Oct 1 (Reuters) - There are very few stadiums around the world where the All Blacks fear to tread, but New Zealand hooker Keven Mealamu admits there are few quite as intimidating as Ellis Park in Johannesburg.
The venue will host the Rugby Championship decider between South Africa and New Zealand on Saturday and is statistically the All Blacks' worst venue anywhere in the world where they have played seven tests or more.
Mealamu says the intimidation starts even before the team reaches the venue.
"One of the experiences you get as an All Black when you are coming down to the game, not just at Ellis Park but all the parks you play at here (South Africa), is that you drive through the supporters and you are left outside (the bus) to walk through the supporters," the hooker told the All Blacks' official website on Tuesday.
"It will be a pretty amazing moment for the boys who are selected to play. We will prepare well so that the boys understand what they are walking into.

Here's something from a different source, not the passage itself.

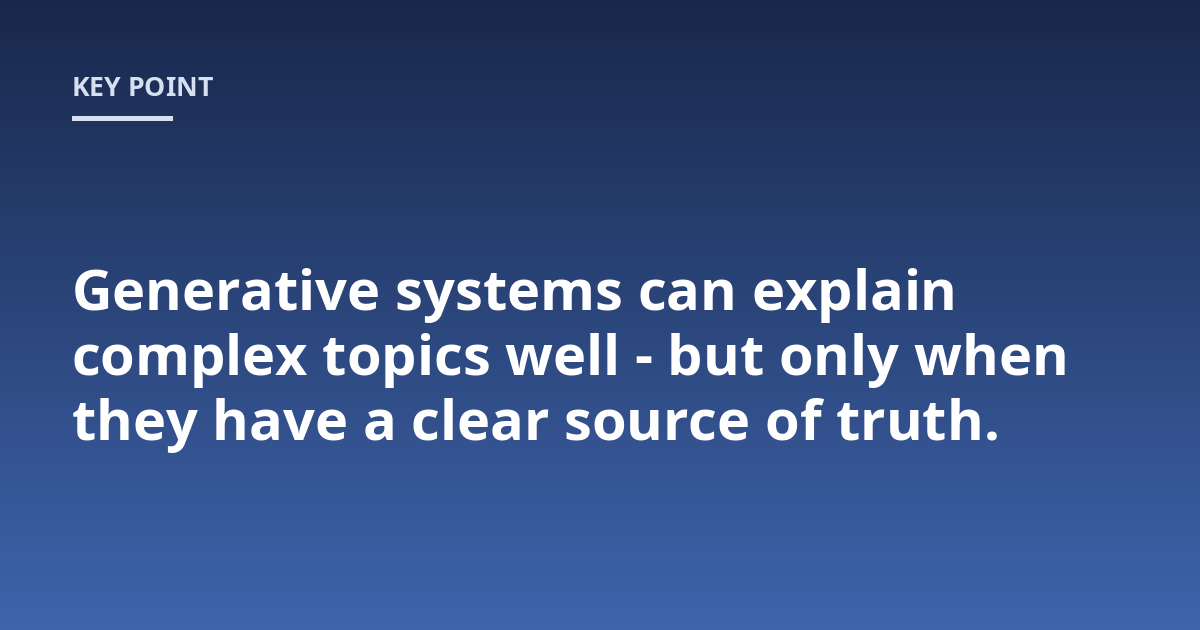 Generative systems can explain complex topics well - but only when they have a clear source of truth.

"I've had a few choice words said [by Springbok supporters), they are very passionate about their team, but once the game has finished, they are very hospitable people."
Of the 13 previous occasions they have met the Springboks at the ground, New Zealand have lost eight, including the 1995 World Cup final when a Joel Stransky drop-goal in extra-time lifted South Africa to an historic win.
South Africa need to beat the All Blacks on Saturday by more than seven points and score four tries in the process to win the Rugby Championship.
It will be the first Ellis Park test between the two sides in nine years, the marquee annual home New Zealand fixture is the biggest on the South African rugby calendar and has been shared around the grounds over the last decade.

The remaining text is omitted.